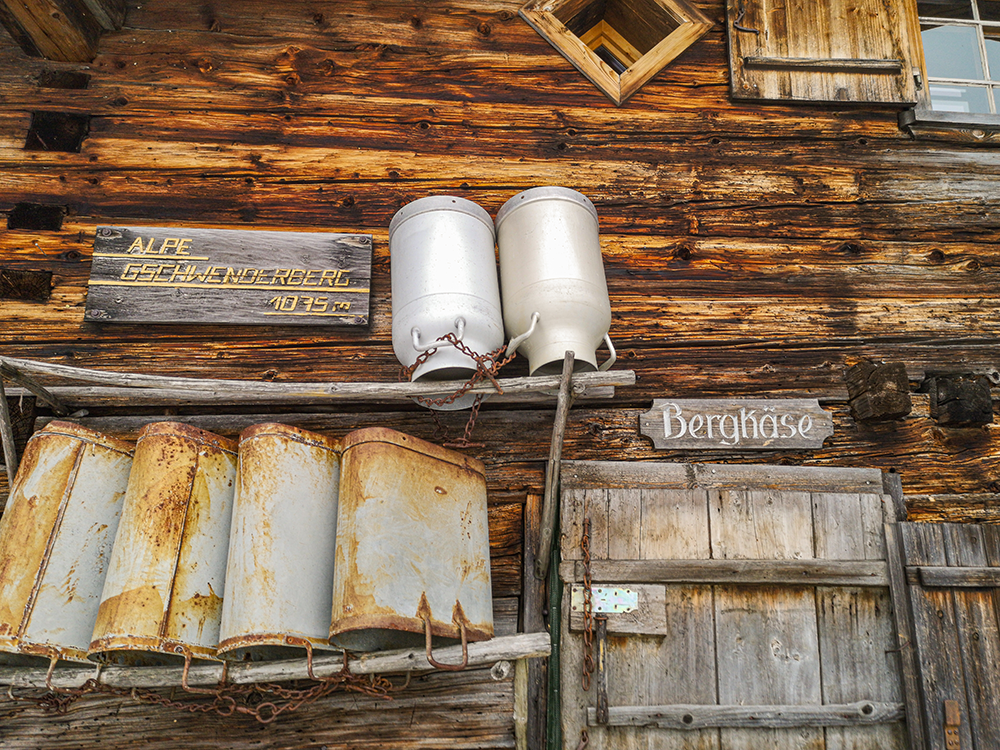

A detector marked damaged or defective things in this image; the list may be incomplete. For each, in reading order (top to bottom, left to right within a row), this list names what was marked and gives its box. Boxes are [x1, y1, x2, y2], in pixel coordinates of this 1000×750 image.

rusty milk churn [388, 194, 504, 412]
rusty chain [402, 334, 520, 450]
rusty milk churn [494, 186, 612, 378]
rusted metal surface [0, 424, 133, 664]
rusty metal container [0, 426, 133, 668]
rusty milk churn [0, 426, 133, 668]
rusted metal surface [89, 426, 236, 668]
rusty metal container [89, 426, 237, 668]
rusty milk churn [90, 426, 238, 668]
rusty metal container [217, 426, 342, 660]
rusty milk churn [217, 426, 342, 660]
rusted metal surface [217, 426, 342, 660]
rusty metal container [330, 432, 494, 656]
rusted metal surface [330, 432, 494, 656]
rusty milk churn [330, 428, 494, 664]
rusty chain [16, 656, 394, 724]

● ● ● ● ● ● ●

**TRY IT**
Leaving the pictures out, output each line of the listing exactly.

**ANSWER TO THIS TASK**
A detector marked damaged or defective things in this image; the list may be incomplete. For each, in reading order (top to bottom, left to right within a row), this list names what was marked and gives its box. Boxes are [x1, y1, x2, y2], in pixel coordinates of this 1000×750 image.

rusty milk churn [388, 194, 504, 412]
rusty chain [402, 334, 520, 450]
rusty milk churn [494, 186, 612, 378]
rusted metal surface [0, 424, 133, 664]
rusty metal container [0, 426, 133, 668]
rusty milk churn [0, 426, 133, 668]
rusted metal surface [89, 426, 236, 668]
rusty metal container [89, 426, 237, 668]
rusty milk churn [90, 426, 238, 668]
rusty metal container [217, 426, 342, 660]
rusty milk churn [217, 426, 342, 660]
rusted metal surface [217, 426, 342, 660]
rusty metal container [330, 432, 494, 656]
rusted metal surface [330, 432, 494, 656]
rusty milk churn [330, 428, 494, 664]
rusty chain [16, 656, 394, 724]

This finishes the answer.